> **Records shown**

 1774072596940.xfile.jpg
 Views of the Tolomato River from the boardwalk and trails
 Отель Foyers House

---

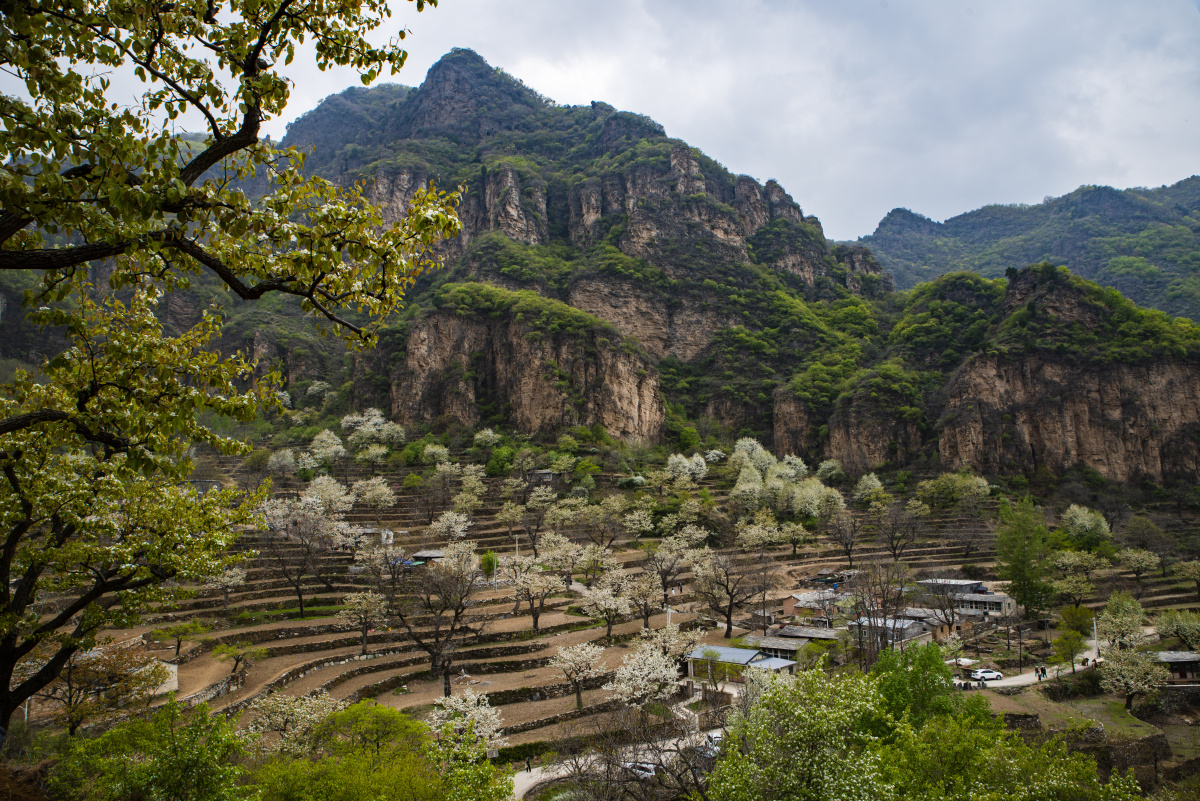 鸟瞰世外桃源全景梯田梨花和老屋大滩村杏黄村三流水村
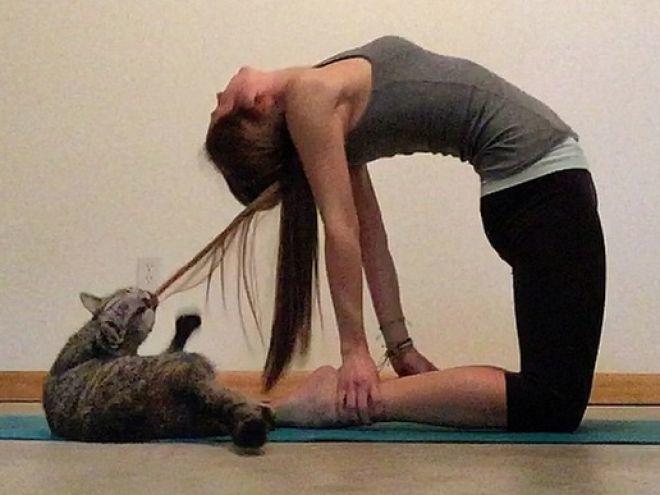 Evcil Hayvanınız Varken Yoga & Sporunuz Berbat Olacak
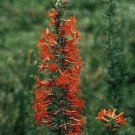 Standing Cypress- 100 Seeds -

---

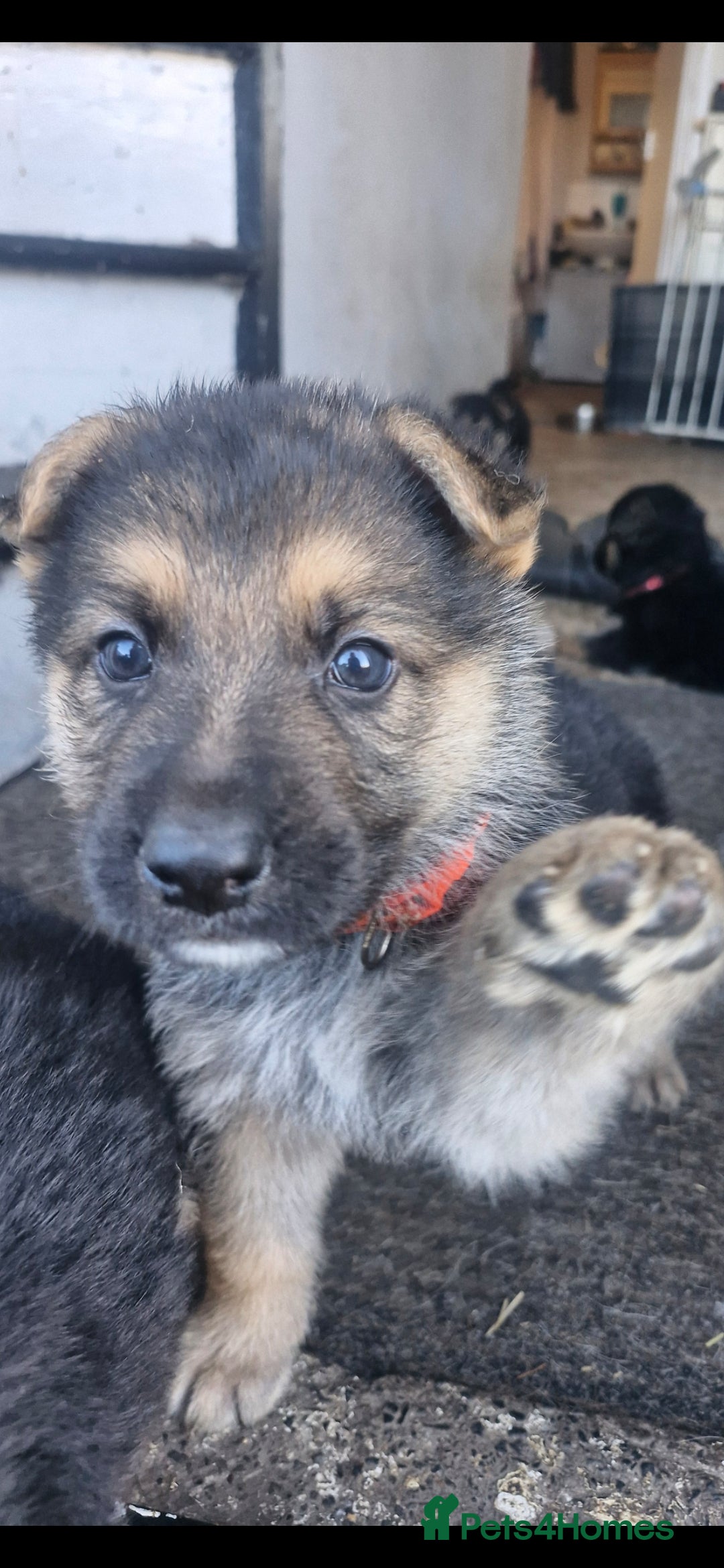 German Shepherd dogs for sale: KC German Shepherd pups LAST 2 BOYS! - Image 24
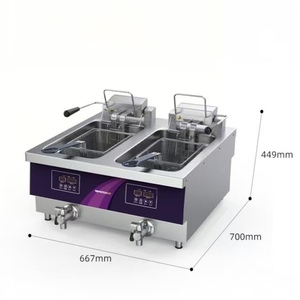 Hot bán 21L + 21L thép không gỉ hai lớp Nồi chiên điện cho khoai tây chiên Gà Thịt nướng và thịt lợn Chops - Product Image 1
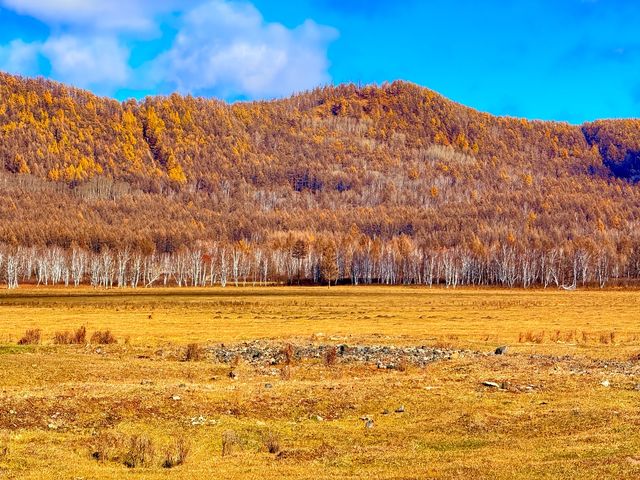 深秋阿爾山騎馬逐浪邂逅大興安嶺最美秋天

> **What the task asks**
Copy word for word the stretch of entries above from the line that has "Views of the" through the line that has "Отель Foyers House", both ends included, and nothing outside it.

> **Exercise solution**
 Views of the Tolomato River from the boardwalk and trails
 Отель Foyers House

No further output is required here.